Catalunya analizará los microplásticos en los ríos catalanes

  • La Agència Catalana de l'Aigua impulsa un estudio pionero sobre microplásticos en 54 puntos de los principales ríos catalanes.
  • El contrato, de más de 291.000 euros y 23 meses de duración, incluye 123 muestras repartidas en tres campañas de muestreo.
  • Se analizarán partículas de polímeros sintéticos como polietileno, polipropileno y poliestireno en ríos y depuradoras.
  • Los resultados servirán para diseñar nuevas medidas de saneamiento y reducir la contaminación plástica en los ecosistemas fluviales.

Ríos catalanes y microplásticos

La presencia de microplásticos en los ríos catalanes ha dejado de ser un problema difuso para convertirse en una prioridad en la agenda ambiental. Estos fragmentos diminutos de plástico, que pueden pasar casi desapercibidos a simple vista, se acumulan en el agua dulce y terminan llegando a zonas húmedas, embalses y, finalmente, al mar, con posibles efectos sobre la fauna, los ecosistemas y la salud humana.

Para disponer por primera vez de una radiografía detallada de la contaminación por microplásticos en los cursos fluviales de Catalunya, la Agència Catalana de l’Aigua (ACA) ha puesto en marcha un ambicioso proyecto de muestreo y análisis. Se trata de un contrato ya licitado, dotado con más de 291.000 euros, que permitirá estudiar de forma sistemática qué tipo de partículas plásticas circulan por los ríos y cómo influyen en la calidad del agua.

Un contrato pionero para medir la contaminación invisible

Estudio de microplásticos en ríos

La ACA ha licitado un contrato específico para llevar a cabo este “censo de microplásticos” en las masas de agua dulce más representativas del territorio. La inversión prevista supera los 291.000 euros y el documento fija un plazo total de 23 meses, que incluye tanto el trabajo de campo como el análisis de laboratorio y la elaboración de conclusiones.

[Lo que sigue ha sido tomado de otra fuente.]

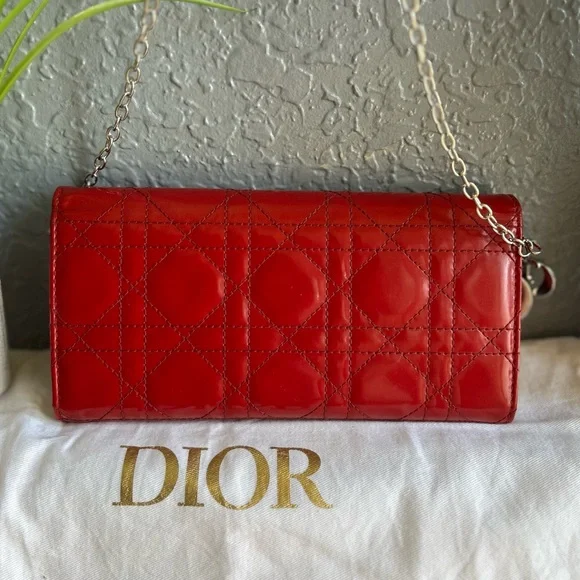 Lady Dior Cannage Quilted Cherry Red Patent Leather Calfskin Wallet Bag & Chain - Picture 7 of 17
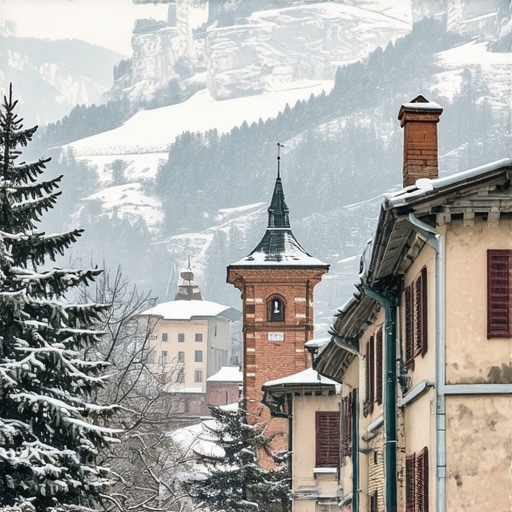 Snow-covered mountains and traditional houses in Veliko Tarnovo during winter.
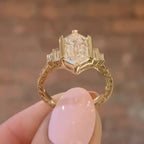 Half Bezel Hexagon Moissanite Vintage Engagement Ring Art deco Gold Wedding Nature Inspired Rings Anniversary Ring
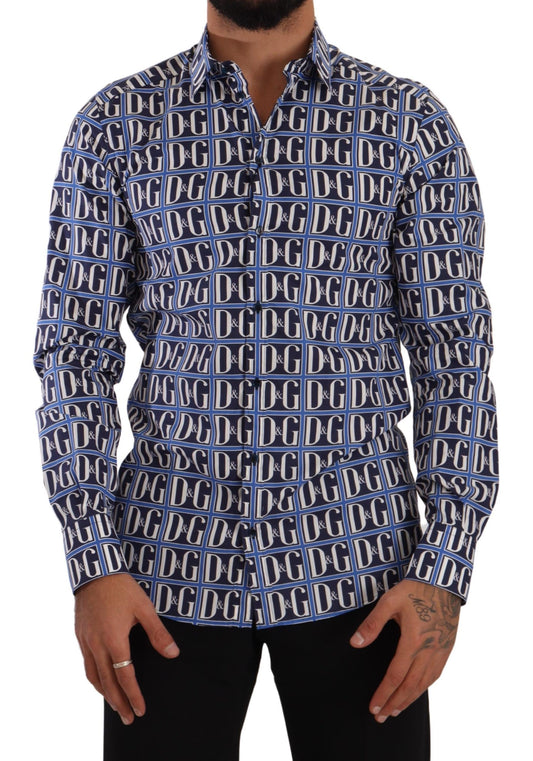 Dolce &amp; Gabbana Blue Logo Mania Slim Fit Baumwollhemd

El periodo para presentar ofertas por parte de las empresas interesadas se ha fijado hasta un 9 de enero, y una vez adjudicado y formalizado el contrato, la compañía ganadora dispondrá de 14 meses para realizar los muestreos, seguidos de tres meses dedicados exclusivamente al estudio de las muestras recogidas y otros tres meses adicionales para la obtención y validación de los resultados. En total, prácticamente dos años de trabajo para disponer de una imagen sólida y comparable del estado de los ríos.

Según detalla la propia agencia, este encargo se concibe como un proyecto pionero en Catalunya, que debe sentar las bases para futuras actuaciones de saneamiento y control de la contaminación plástica. La idea es que la información generada no se quede en un mero informe técnico, sino que sirva de guía para diseñar medidas concretas de reducción de microplásticos en el medio fluvial.

El estudio se integra en un contexto europeo en el que los microplásticos se consideran contaminantes emergentes y donde las directivas de agua y residuos presionan a los Estados miembros para mejorar el control de estas partículas. Aunque el foco del proyecto es Cataluña, los resultados podrán ser de interés para otras cuencas de España y de la Unión Europea que afrontan problemas similares.

54 puntos de control en las principales cuencas fluviales

Ríos y depuradoras en Catalunya

El dispositivo diseñado por la ACA prevé un total de 54 puntos de muestreo repartidos por las principales cuencas de Catalunya. Entre ellos figuran tramos de los ríos Llobregat, Ter, Muga, Tordera, Fluvià, Besòs, Foix, Anoia y Segre, así como varias rieras y cursos menores, como las rieras de Rubí y la Bisbal, que también desempeñan un papel relevante en el transporte de contaminantes.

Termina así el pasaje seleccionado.